I thought of one more thing I meant to say. In response to what you said about being the WAS and showing your regret to your H, etc. I believe that you expressed everything in your letter to him and that you shouldn't have to continue to state your remorse and continue to apologize to him. To me, there comes a point of doing it too much and the LBS would begin to lose a certain amount of respect b/c they would see the WAS being pathetic. Even as a WAS, I feel that it is very important to maintain dignity and self-respect. Yes, we can feel great remorse for what we did, but I don't think that it requires us to continually assure the WAS how repentant we are. (Since you are not in the house with him, it would appear that you were doing that a lot.....IMHO.) So I don't think you should feel that you should have to coninue to do that. I am a firm believer in not placing ourselves (if a WAS or a LBS) as any sort of doormat position in the R b/c that loses respect from the other spouse.

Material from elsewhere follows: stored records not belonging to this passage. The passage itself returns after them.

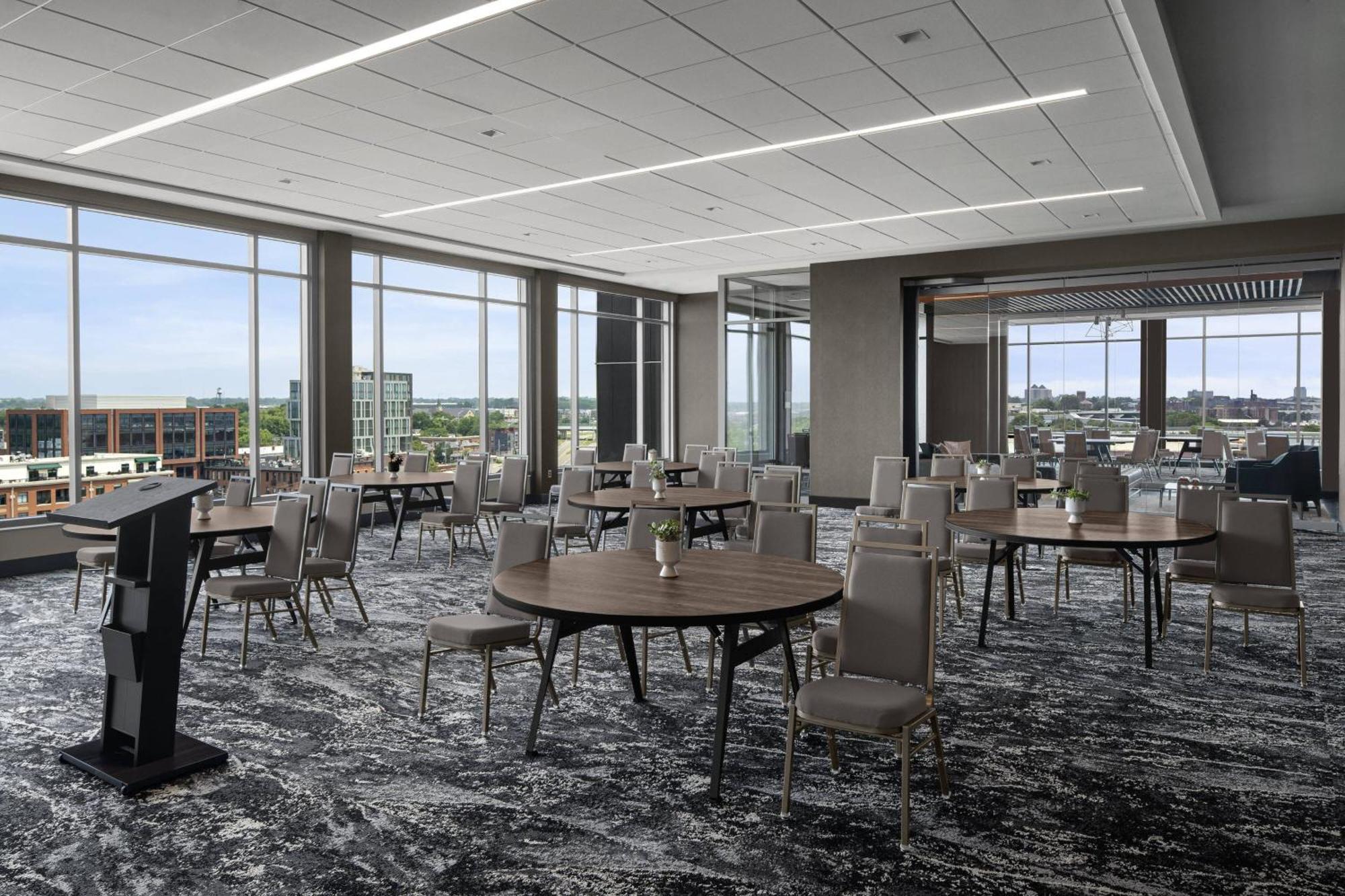 Ac Hotel By Marriott Columbus Downtown מראה חיצוני תמונה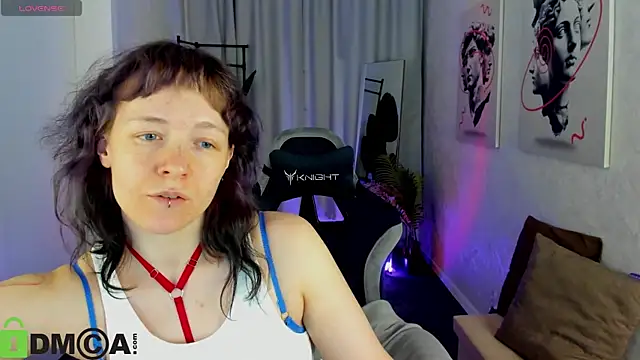 Ricki Bloom online show from June 3, 9:32 am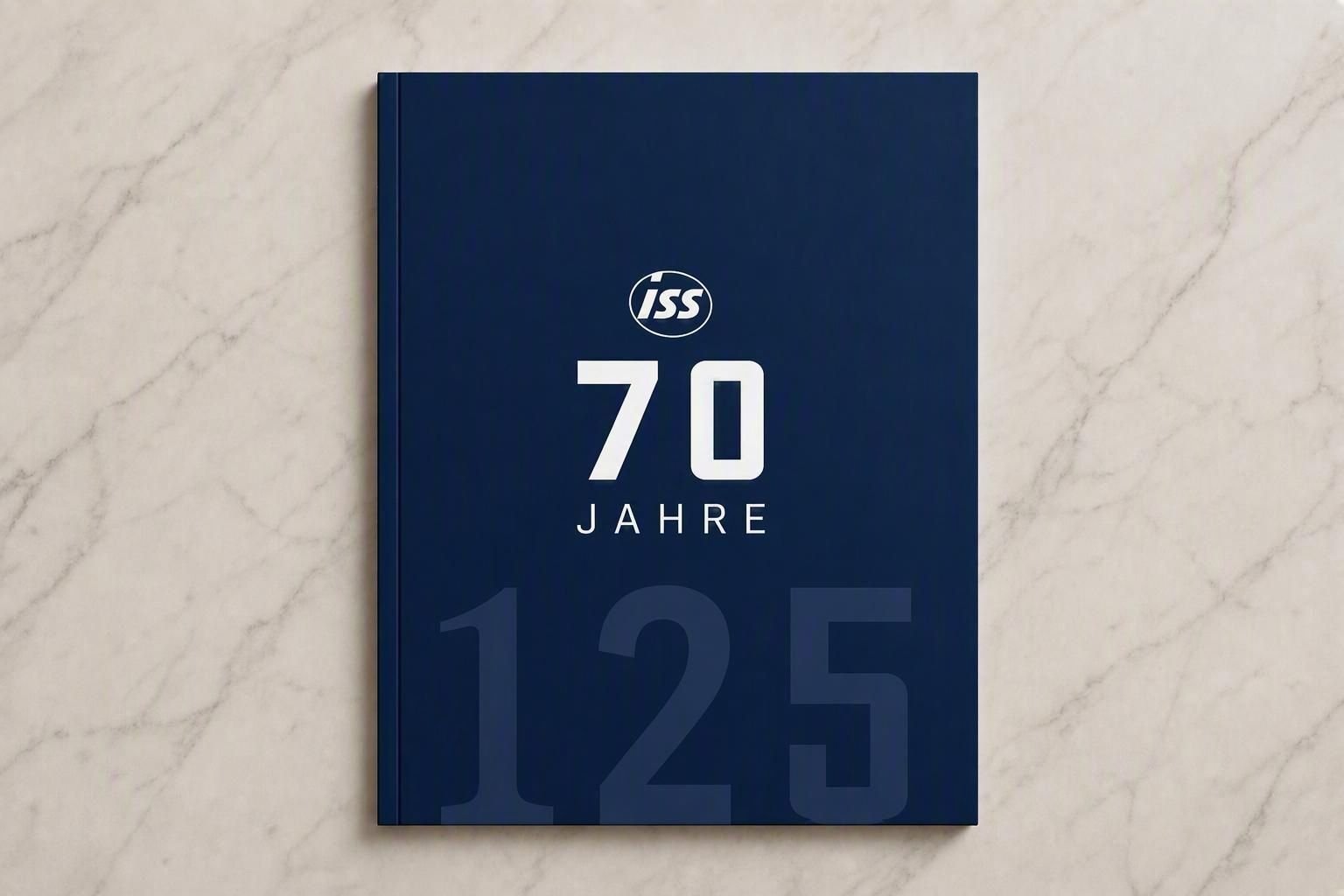 Cover des Jubiläumsmagazins „70 Jahre ISS Österreich“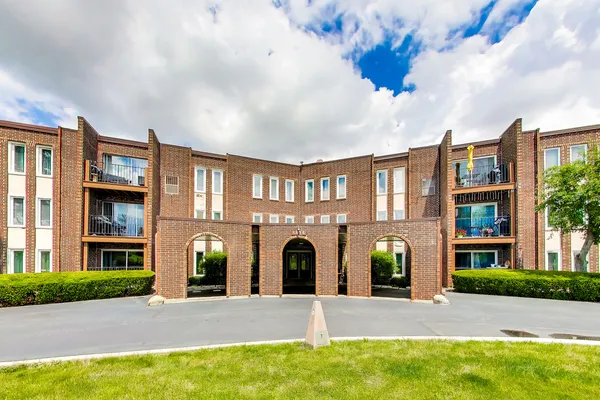 $235,000 | 1575 Sandpebble Drive, Unit 104, Wheeling, IL 60090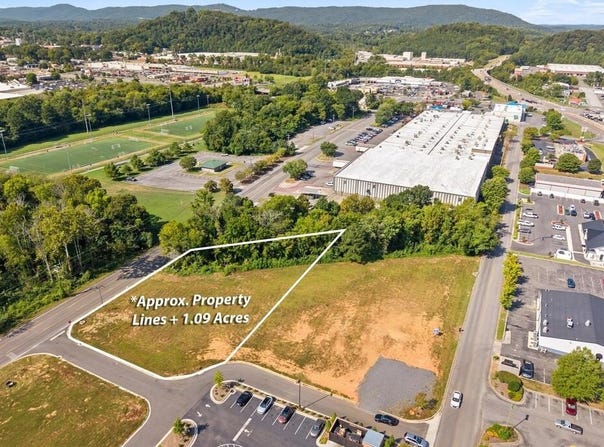 Smith Industrial Blvd, DALTON, GA 30721
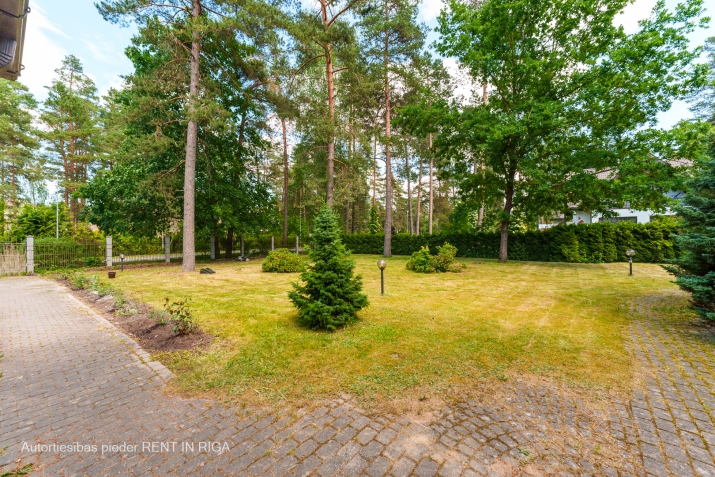 Izīrē māju, Upesciema iela 50, Rīga, Labais krasts, Berģi / 1 000 € 23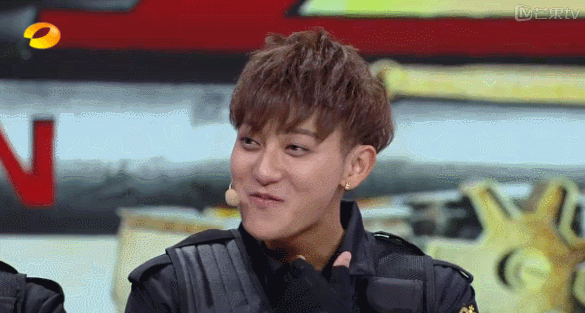 搞笑gif黄子韬gif快乐大本营gif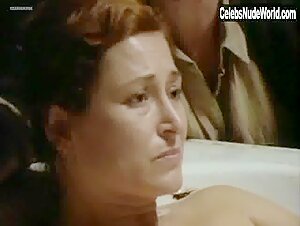 Linda Cropper in Bordertown (series) (1995) 19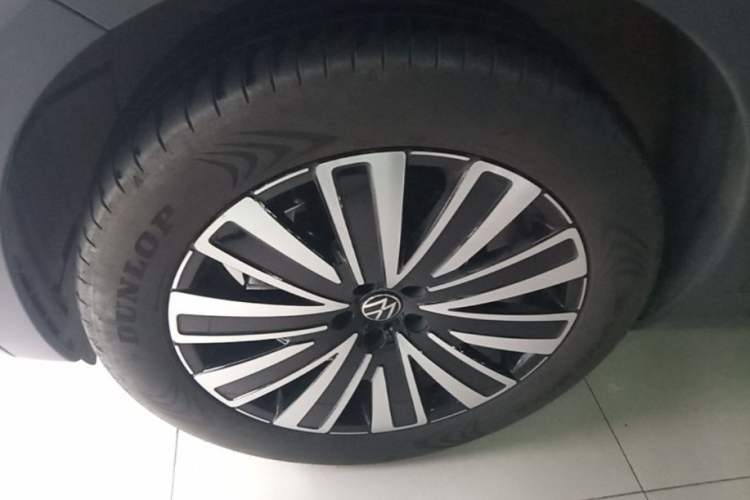 Used Volkswagen Tavendor 2024 330TSI Luxury Touring Edition Left Front Wheel Hub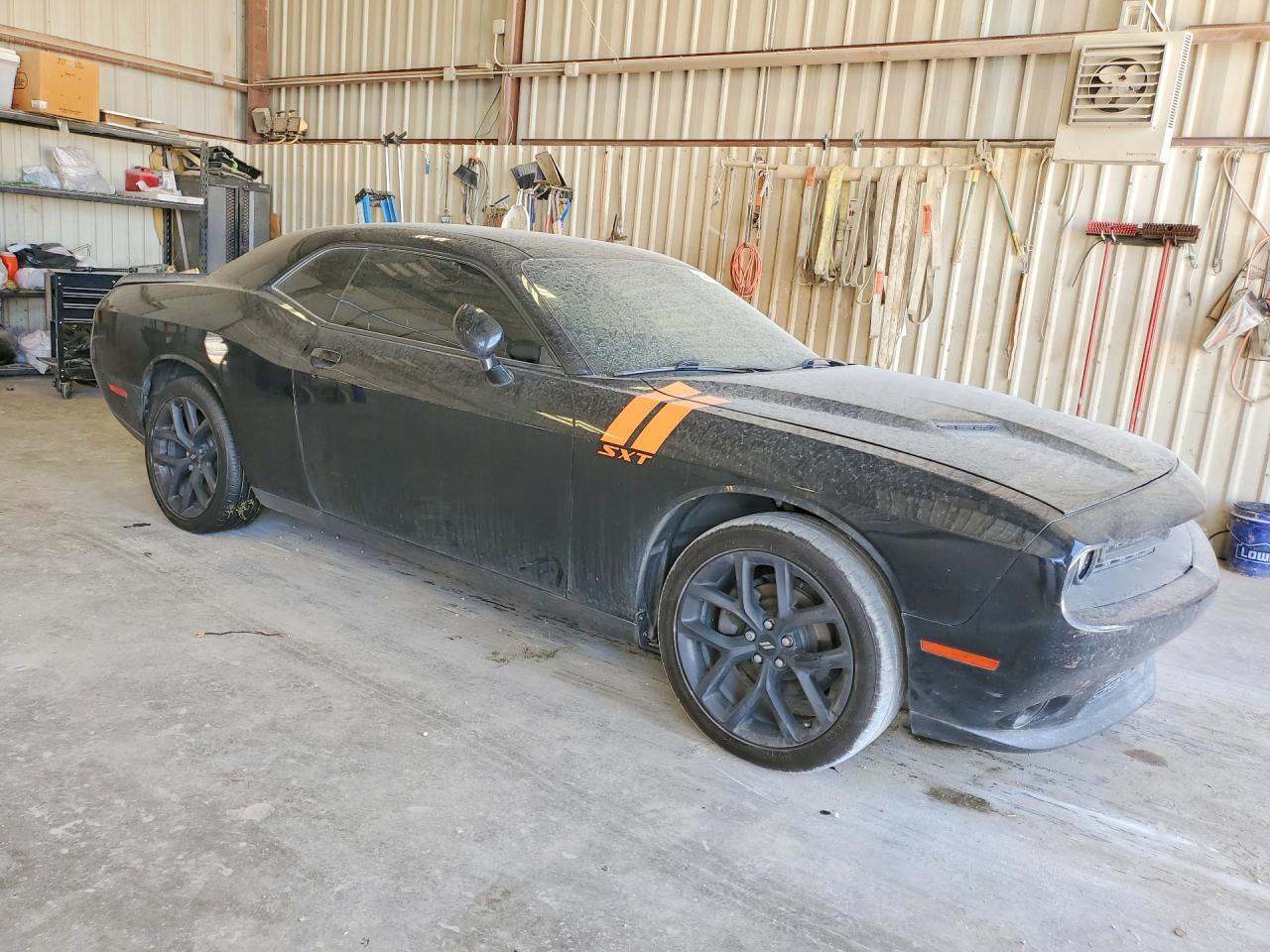 2019 Dodge Challenger Sxt - Image 4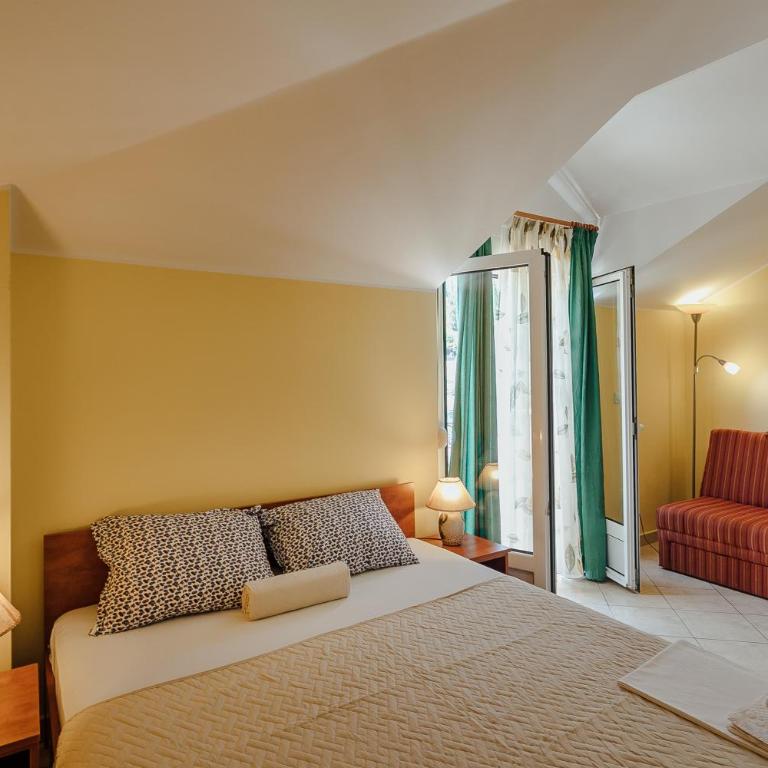 Guest House Villa Živanović - Double Room with Balcony - 18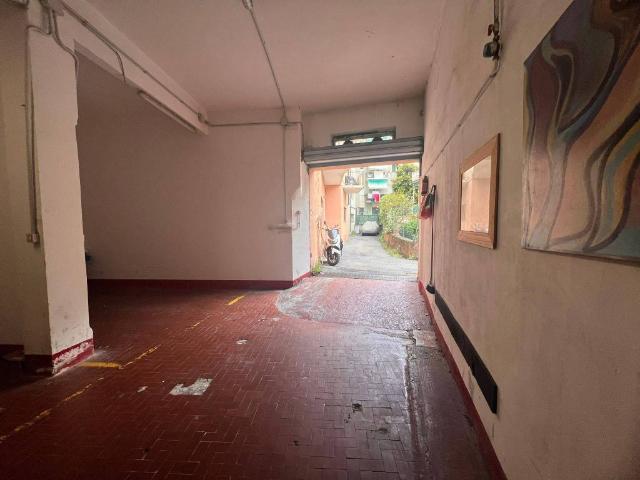 Box / Garage in vendita a Genova GE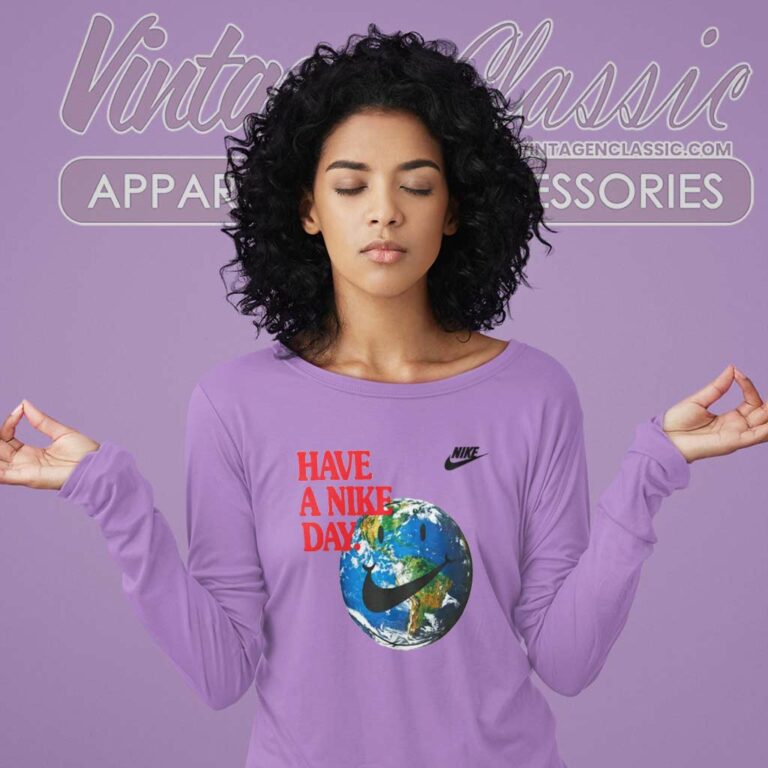 Nike Have Nike Day Smiley World Long Sleeve Tee Nike Have Nike Day Smiley World Long Sleeve Tee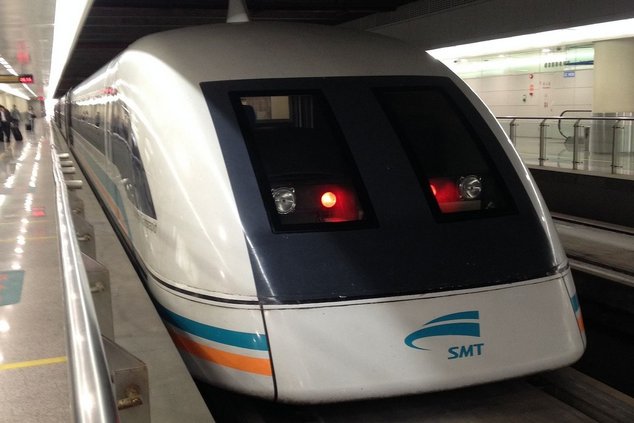 Поезд на магнитной подушке «возвращается»…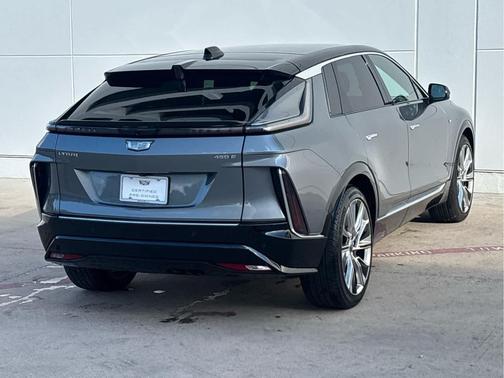 2023 Cadillac LYRIQ Luxury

I think what I was trying to say in my post last night was that I hope since the physical affection is your LL and you have expressed how much you miss and need him (which is fine to do that here), it may be your undoing if you show “neediness” to him. Perhaps you are just doing that here on the board and that’s fine b/c it’s what the board is for. Better to do that here, right? I was concerned in the beginning that you were being too eager in giving him praises, but you know this man better than anyone else, so you need to use your best judgment in these matters. And, for some reason, I thought the two of you were still under the dame roof in the beginning of your thread. My bad.
I agree with everyone else that you are doing great. I think I am kind of like a “mamma” to a lot of people here…wanting to warn my children to be careful. That last statement is meeant to be one of endearment and not a slap in the face.
It is not about what you feel should work in your M. It is about doing the work that gets the right results. Do what works!